Thou in our wonder and astonishment
Hast built thy self a live-long Monument.
Shakespeare himself stated in many of his sonnets that his poetry would be immortal. Therefore, Milton is only repeating what Shakespeare himself has said. This is appropriately humble. It is almost as if Milton is suggesting that he hardly needs to say anything original himself because Shakespeare's greatness and immortality are self-evident in his published works.
The most significant lines in Milton's sonnet are:
Then thou our fancy of it self bereaving,
Doth make us Marble with too much conceaving;
And so Sepulcher'd in such pomp dost lie,
That Kings for such a Tomb would wish to die.
The suggestion is that Shakespeare's readers are overcome with awe and wonder, that they are spellbound and paralyzed, so that they resemble marble statues.
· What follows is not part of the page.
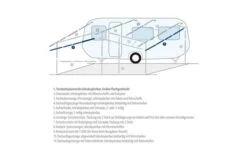 Berger Spannstab / Firststab Teleskopierbar Stahl 8 Berger Spannstab / Firststab Teleskopierbar Stahl -Fiama Camping Geschaft 66525 2475128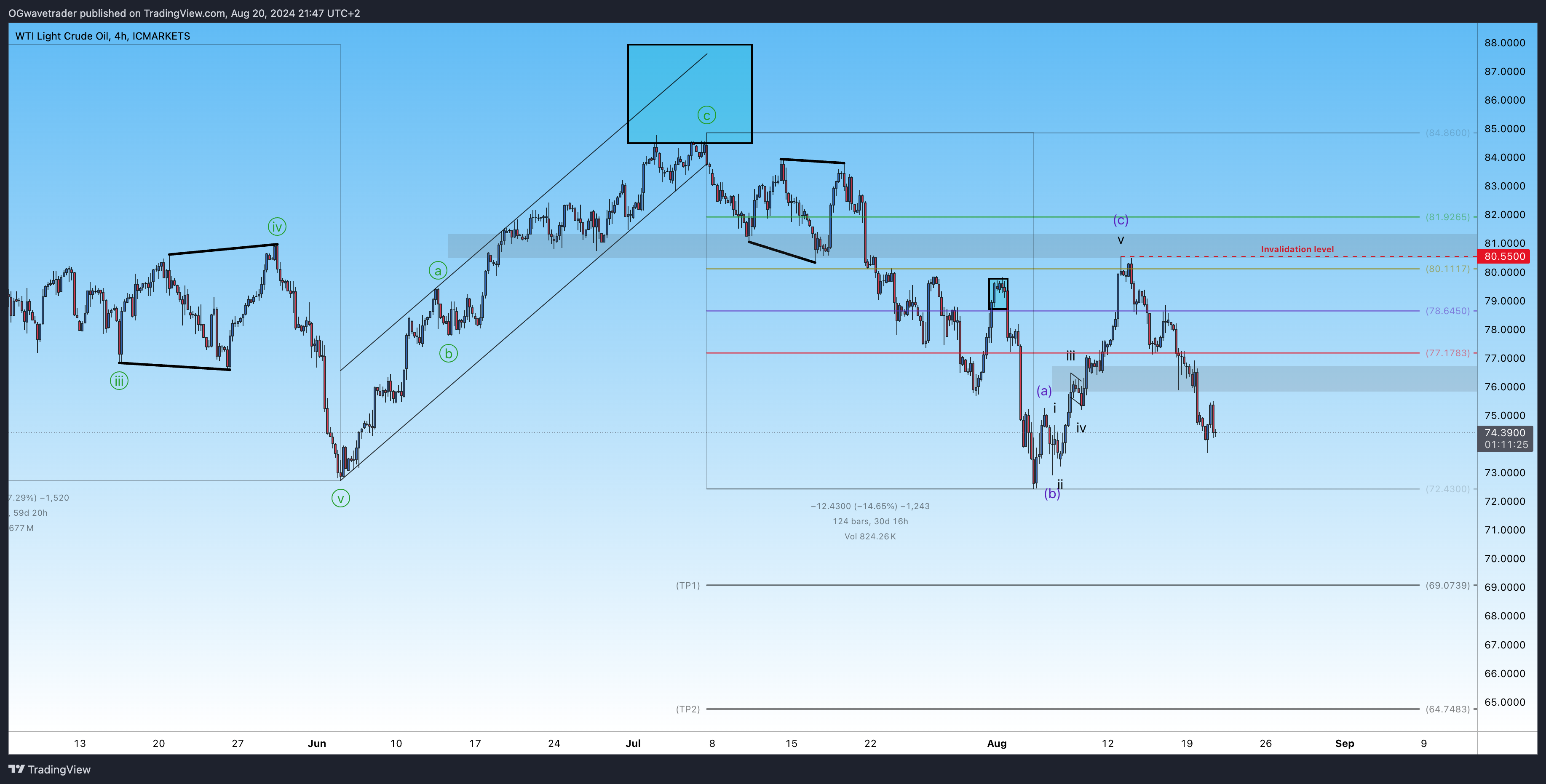 ICMARKETS:XTIUSD 차트 이미지 - OGwavetrader 제공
This is, of course, exaggerated praise, but Milton is taking poetic license to invent a poetic conceit.
Milton's sonnet "To Shakespeare" strongly and intentionally resembles Shakespeare's own sonnet #55, in which he tells his loved one:
Not marble, nor the gilded monuments
Of princes, shall outlive this powerful rhyme;
But you shall shine more bright in these contents
Than unswept stone, besmear'd with sluttish time.
The line "Than unswept stone, besmear'd with sluttish time" may have been one that filled Milton with "wonder and astonishment." Shakespeare is implicitly comparing a marble headstone in a cemetery to a marble step in front of a townhouse which has acquired a greenish patina because the sluttish housemaid does not sweep it before mopping it, as she should, but runs a wet mop over the unswept stone and just smears the dirt around. Time, in the metaphor, becomes like a sluttish housemaid.
Both Milton's and Shakespeare's sonnets proclaim that inspired thoughts can outlive the most magnificent edifices. This is a simple truth. Homer's Iliad and Odyssey, for example, have survived and are read in many of the world's languages, while Troy itself has vanished.